Crystal Skull is intended, and works effectively, as instant nostalgia a class reunion of the old gang who in the '80s reinvigorated the classic action film with such expertise and brio. So don't expect the freshness of the what-one-man-can-do plot in Iron Man, or the oneiric visuals of Speed Racer. Spielberg and Lucas, and screenwriters David Koepp and Jeff Nathanson, are looking not forward but back, to the first three films. They know that moviegoers would be disappointed not to see the talismans of Indys past reappear here. Shall we itemize?
1. The Paramount logo dissolves into some kind of mountain. Every Indy films opens this way, from one monument to another. (As Veronica Geng wrote in a review of the first movie, "Spielberg" is German for "play mountain.") In Raiders the logo became a mountain in South America; in the second film, Temple of Doom, a bas-relief on a Chinese gong; in The Last Crusade a big boulder in Utah. This time, suggesting more modest aspirations, or maybe kiddingly deflecting the audience's gargantuan expectations, it's a weeny prairie dog hill, from which a critter emerges just before being nearly run over by speeding cars. We're in Nevada, near Area 51, and it's 1957, a time of rock 'n' roll (Elvis's "Hound Dog" on the soundtrack), fear of the Soviets (and why not? they've just penetrated a U.S. military base), fear of The Bomb (hey, what's that mushroom cloud on the horizon?) and mass sightings of UFOs (coming right up).
2. International conspiracies. Nazis in the first and third Indys, Indian Thugees in the second. But it wouldn't be the '50s without Commies, in the chic person of Irina Spalko (played by Blanchett with the severe demeanor of Cyd Charisse's Ninotchka in the 1957 MGM musical Silk Stockings and the black bob Charisse sports in The Band Wagon). Rather than the simple matter of conquering the West militarily, Irina is part of a Soviet plot to cloud our minds by getting access to some secret technology that is concealed either in an Area 51 warehouse or in the remotest jungle mountains of Peru. "We will change you, Mr. Jones, all of you, from the inside," she proclaims. "We will turn you into us." Ewww, creepy. Glad that didn't happen.

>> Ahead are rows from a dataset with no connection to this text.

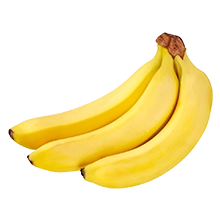 Banano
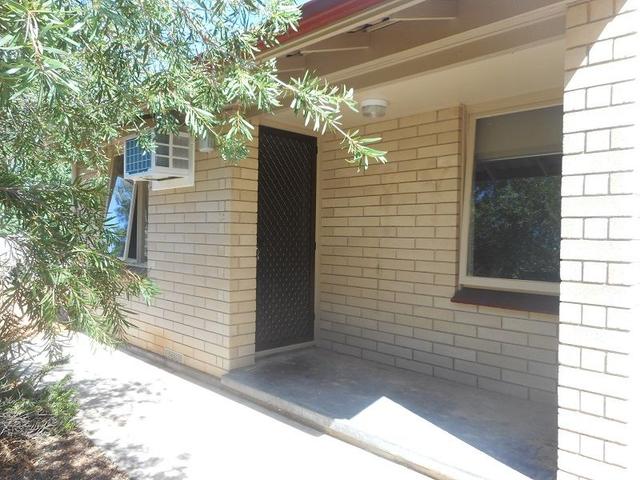 Unit 7 McCarthy Street, SA 5700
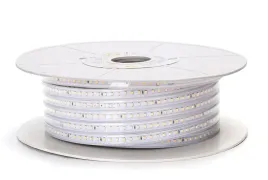 tasma-led-w-silikonie-6w-m-zimna-6500k-ip65-1m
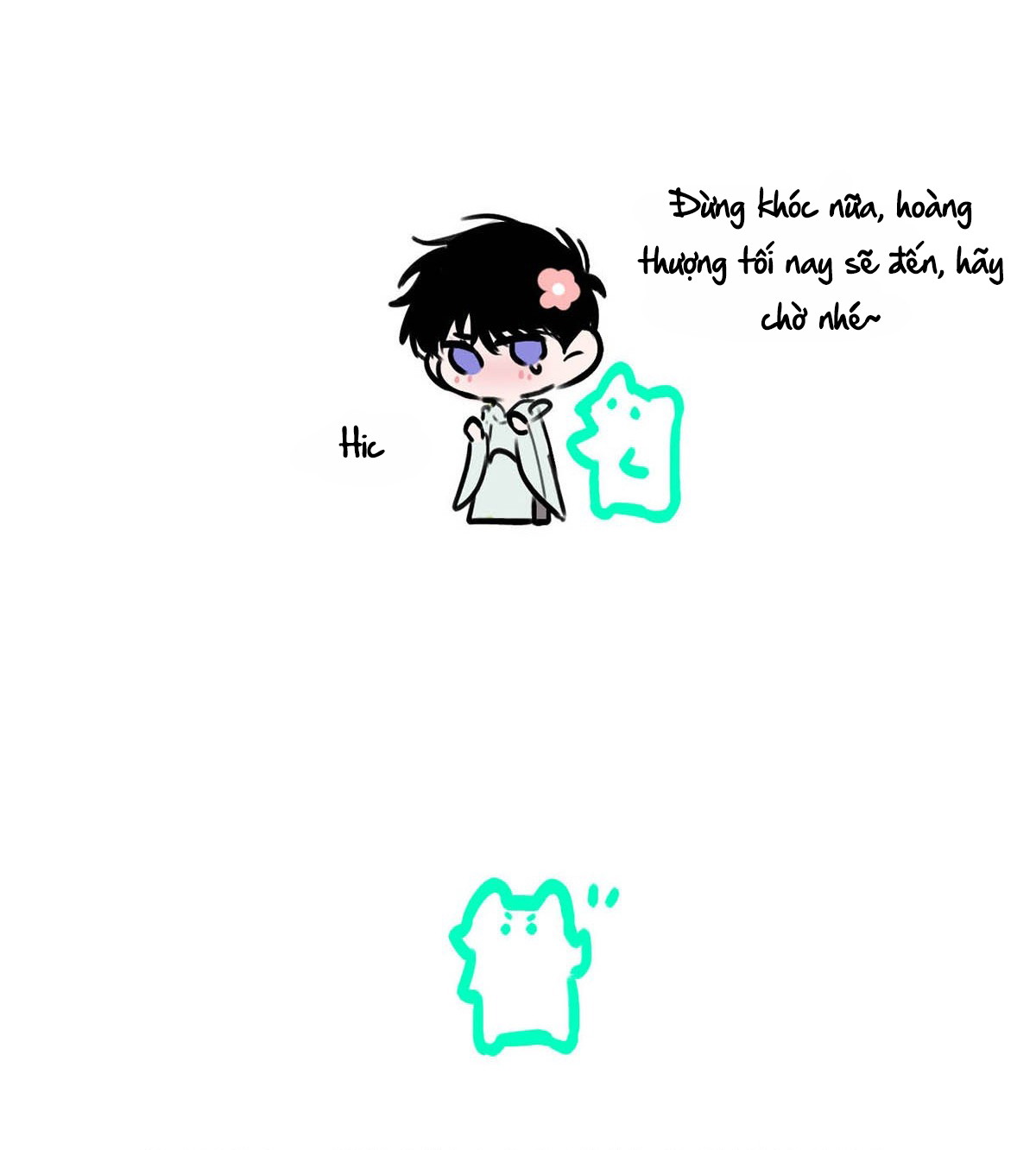 nguoi-huong-dan-dinh-cap-chap-53-24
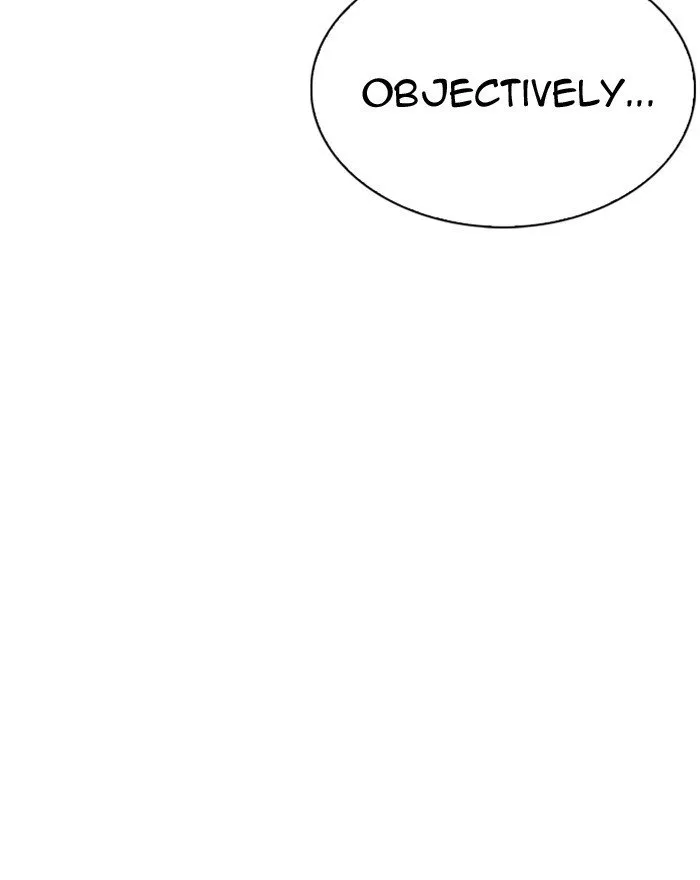 Lookism Chapter 281 Online - página 145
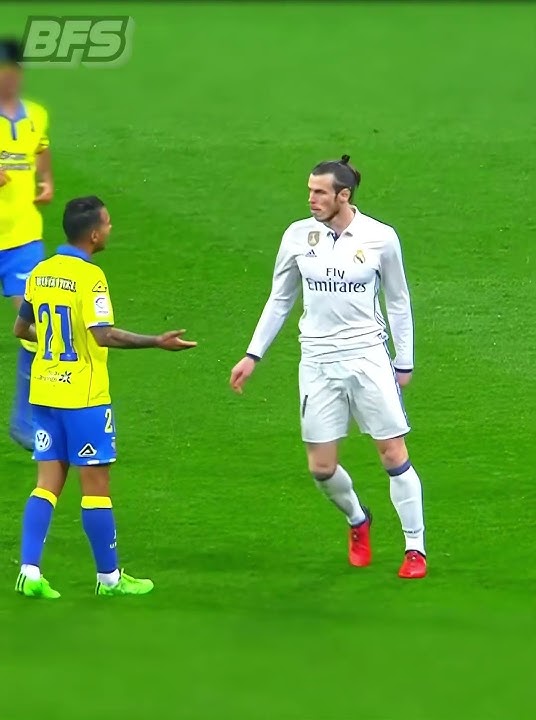Footballer Crashouts🤯🔥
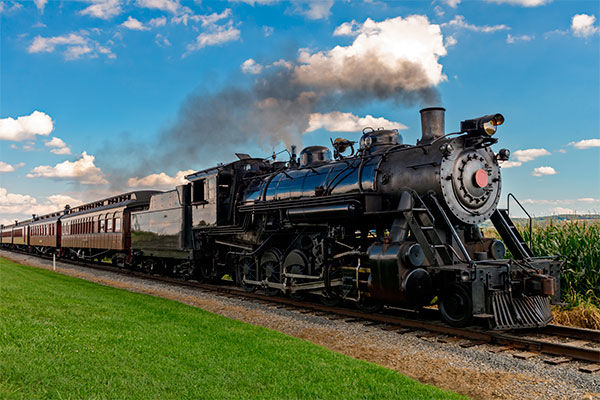 Train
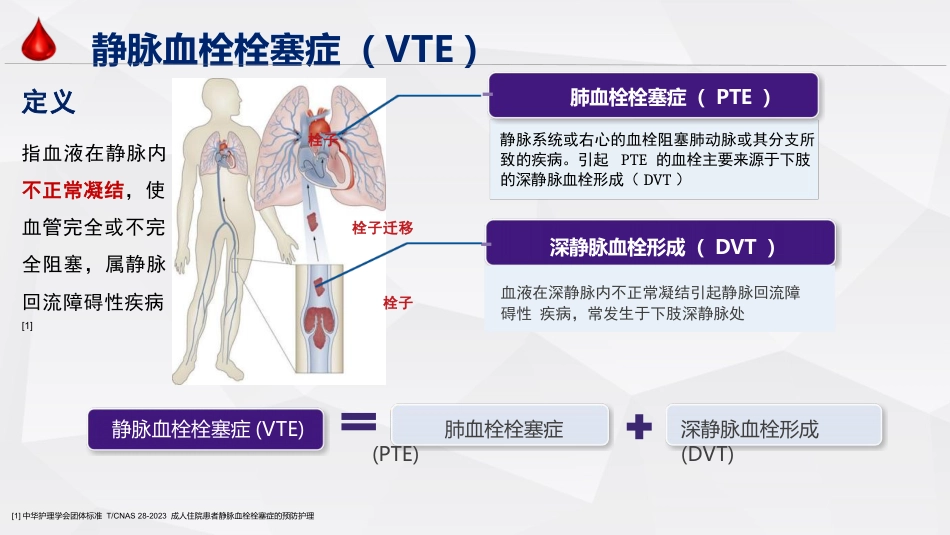 患者静脉血栓栓塞症防控策略_第11页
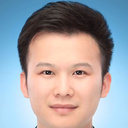 Xinzhuo Li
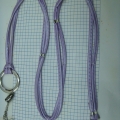 CBT0075.purple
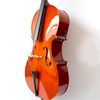 LZSC088 Beginner Cello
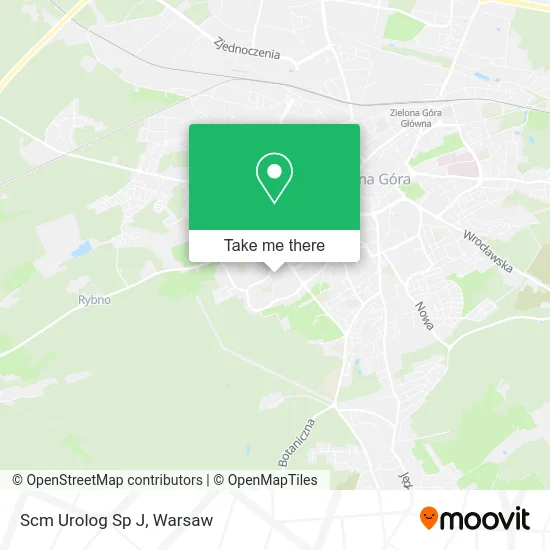 Scm Urolog Sp J map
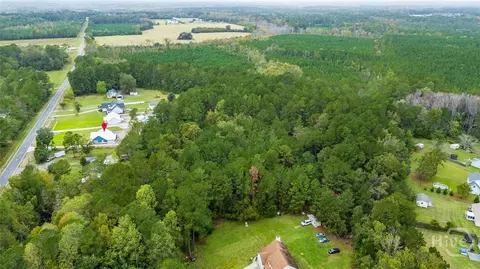 338 Gracen, Guyton, GA 31312 photo 39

3. The Fedora, the bullwhip... the snakes! We see the hat just before we see Indy; brown headwear is still in style in 1957. As for Indy's bullwhip, it's still faster and deadlier than a bad guy's gun. In the opening Area 51 scene, he uses it to disarm about a quillion Russkies, and to swing in Errol Flynn style from one warehoused beam to another. (Mutt will later show the same swinging derring-do on Peruvian jungle vines.) As for the snakes, there's just one, but indy is readier to die in quicksand than to use it as a lifeline. The nifty new predators are South American red ants, which Spielberg and Lucas may have remembered from the 1954 movie The Naked Jungle, and which can swarm over a man by the millions and drag him into their formicary for a nice fat meal.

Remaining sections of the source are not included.